In Japan, one company is taking it even further and asking all workers to commit to speaking English when they are at the company. Imagine having to do all your business meetings in English. How would you cope with such drastic measures?
Check out the video first and then take a look at the language below. Watch the video again to hear this language in its original context.
- Pile into- many people going into a place at one time
- The kids piled into the cafeteria.
- Kick off the work week- the first thing you do in that week
- Let’s kick off the class with a game.
- The language gap- the “distance” created between people when they cannot speak the same language.
- I tried to help the tourists but the language gap made it too difficult.
- A glass ceiling- this is when you cannot get higher in your company, usually because of your race, gender, education etc.
- All of a sudden- suddenly
- All of a sudden, this man comes out of nowhere and steals my laptop.
- Catered to be relevant to the workers- this means that the course is made specially to meet the needs of the workers. It includes the content that they need.
- Dissenter- a person who disagrees with the majority.
Want to check what you heard? Here is the script.
It’s Monday morning at Rakuten, Japan’s biggest online retailer. Employees pile into the ASAKAI for an all-company meeting that kicks off every work week. But the meeting on this morning sounds different from those even a few months ago.

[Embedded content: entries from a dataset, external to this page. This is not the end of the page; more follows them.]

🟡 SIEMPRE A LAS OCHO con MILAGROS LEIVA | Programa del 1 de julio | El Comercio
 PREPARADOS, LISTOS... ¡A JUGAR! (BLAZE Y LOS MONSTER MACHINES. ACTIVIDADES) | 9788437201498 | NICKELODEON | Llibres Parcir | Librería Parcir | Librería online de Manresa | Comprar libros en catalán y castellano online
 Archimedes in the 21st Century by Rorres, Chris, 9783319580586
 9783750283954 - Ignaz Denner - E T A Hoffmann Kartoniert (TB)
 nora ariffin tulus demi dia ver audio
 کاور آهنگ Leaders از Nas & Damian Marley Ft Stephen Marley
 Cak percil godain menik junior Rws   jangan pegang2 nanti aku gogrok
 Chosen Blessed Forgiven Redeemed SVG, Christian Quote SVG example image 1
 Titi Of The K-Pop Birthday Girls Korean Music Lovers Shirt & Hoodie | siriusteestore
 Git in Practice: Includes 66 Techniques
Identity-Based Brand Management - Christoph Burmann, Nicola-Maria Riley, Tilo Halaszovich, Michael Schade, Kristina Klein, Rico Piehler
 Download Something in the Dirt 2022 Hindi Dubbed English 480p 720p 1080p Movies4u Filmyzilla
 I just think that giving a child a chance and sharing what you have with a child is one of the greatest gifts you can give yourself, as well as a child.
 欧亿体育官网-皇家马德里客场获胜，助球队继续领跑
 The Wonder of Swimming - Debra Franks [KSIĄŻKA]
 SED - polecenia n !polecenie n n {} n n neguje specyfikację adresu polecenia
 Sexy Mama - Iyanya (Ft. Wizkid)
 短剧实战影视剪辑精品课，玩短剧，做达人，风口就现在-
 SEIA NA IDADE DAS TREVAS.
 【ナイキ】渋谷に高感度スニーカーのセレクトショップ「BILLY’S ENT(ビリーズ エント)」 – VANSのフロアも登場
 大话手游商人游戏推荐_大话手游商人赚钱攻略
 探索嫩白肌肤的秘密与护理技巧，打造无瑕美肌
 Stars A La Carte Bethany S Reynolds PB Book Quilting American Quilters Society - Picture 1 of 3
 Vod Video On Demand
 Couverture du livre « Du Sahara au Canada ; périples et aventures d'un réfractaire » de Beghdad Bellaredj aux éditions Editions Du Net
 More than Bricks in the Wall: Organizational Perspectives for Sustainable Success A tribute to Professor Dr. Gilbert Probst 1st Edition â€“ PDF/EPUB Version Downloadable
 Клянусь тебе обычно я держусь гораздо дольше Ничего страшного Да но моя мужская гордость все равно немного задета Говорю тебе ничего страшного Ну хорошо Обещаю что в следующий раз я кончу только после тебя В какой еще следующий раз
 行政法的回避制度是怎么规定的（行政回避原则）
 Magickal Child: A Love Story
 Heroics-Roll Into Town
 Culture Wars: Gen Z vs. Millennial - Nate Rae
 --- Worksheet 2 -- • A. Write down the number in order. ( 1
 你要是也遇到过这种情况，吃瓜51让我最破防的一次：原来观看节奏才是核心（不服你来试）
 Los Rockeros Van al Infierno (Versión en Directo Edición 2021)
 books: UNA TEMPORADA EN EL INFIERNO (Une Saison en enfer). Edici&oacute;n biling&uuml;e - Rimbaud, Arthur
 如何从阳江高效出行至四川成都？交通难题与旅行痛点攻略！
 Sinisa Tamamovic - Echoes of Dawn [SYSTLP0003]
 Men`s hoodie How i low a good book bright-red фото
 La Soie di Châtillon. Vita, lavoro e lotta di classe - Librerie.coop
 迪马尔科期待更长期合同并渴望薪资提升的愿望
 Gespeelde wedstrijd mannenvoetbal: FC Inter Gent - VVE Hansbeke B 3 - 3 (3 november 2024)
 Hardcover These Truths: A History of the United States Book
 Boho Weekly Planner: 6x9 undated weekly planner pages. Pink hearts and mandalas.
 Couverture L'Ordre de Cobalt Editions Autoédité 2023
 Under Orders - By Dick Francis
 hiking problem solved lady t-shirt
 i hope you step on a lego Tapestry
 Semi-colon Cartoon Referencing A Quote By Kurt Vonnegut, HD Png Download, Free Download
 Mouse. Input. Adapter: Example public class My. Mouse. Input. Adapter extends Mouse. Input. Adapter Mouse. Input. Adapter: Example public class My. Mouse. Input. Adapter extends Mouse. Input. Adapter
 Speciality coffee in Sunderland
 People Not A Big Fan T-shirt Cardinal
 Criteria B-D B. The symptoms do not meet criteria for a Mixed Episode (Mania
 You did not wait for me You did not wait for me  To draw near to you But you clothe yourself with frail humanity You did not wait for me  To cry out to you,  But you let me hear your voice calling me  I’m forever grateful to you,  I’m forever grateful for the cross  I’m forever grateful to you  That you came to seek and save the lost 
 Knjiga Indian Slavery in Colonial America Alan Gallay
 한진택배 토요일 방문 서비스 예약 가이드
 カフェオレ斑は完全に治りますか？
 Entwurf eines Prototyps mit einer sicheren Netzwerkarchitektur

For Rakuten’s 6000 mostly Japanese employees, this is part of the internet group’s move to make English its standard language by 2012. That means that meetings, all work documents, even signs inside the company are being converted to English.
I always thought that English would one day be essential but when I heard all of a sudden that there were definitive plans, I was a little surprised and also a little nervous.
Employee Hideki Kamachi says that he now studies one hour a day to improve his English, mostly by brushing up on vocabulary words for a standardized proficiency test. Rakuten managers are expected to exceed certain scores to be eligible for a promotion.
As Japanese companies look to expand globally, the language gap is becoming a bigger issue. Fast-retailing, which runs Japan’s Uniqlo shops, plans to hold meetings in English by 2012 if there are non-Japanese attending the meeting.
Changes have extended all the way to the cafeteria where the mostly-Japanese fare has gotten an English make-over. This can sometimes lead to a little confusion about just what is being served. But most employees say they enjoy learning how to translate different foods in English, even if some of the signs are a little strange.
The plan is the idea of Rakuten CEO, Hiroshi Mikitani who says that speaking English is now a must for business.
If we are segregated by the language, it is going to be a huge disadvantage for competitors of Japan in the future. And most of the Japanese business people don’t recognize that.
Since the new policy was introduced, more than 200 Rakuten employees have signed up for discounted English conversation classes offered by the company. The employees often show up for their lessons after a long day at work and the classes are catered to be relevant to the workers at the internet group.
Most of the employees are taking the new measures in stride saying that they understand that it’s necessary. Not that Mr. Mikitani would be bothered by dissenters to the plan, he said that resistance means nothing to him. Mr. Mikitani believes that this new policy will help Rakuten’s overseas expansion while also helping the company hire and retain talented Japanese workers.
Marcus Saw is British and works in Rakuten’s photo-sharing site. He says this makes the company a better place to work.
Before now, there was always this kind of perception, it’s like a glass ceiling, until my Japanese is up to native level, which is going to take a lot of time, then I couldn’t go up in the management level or anything like that. But now it seems like there’s probably chances more globally.
For the Wall Street Journal, I’m Daisuke Wakabayashi.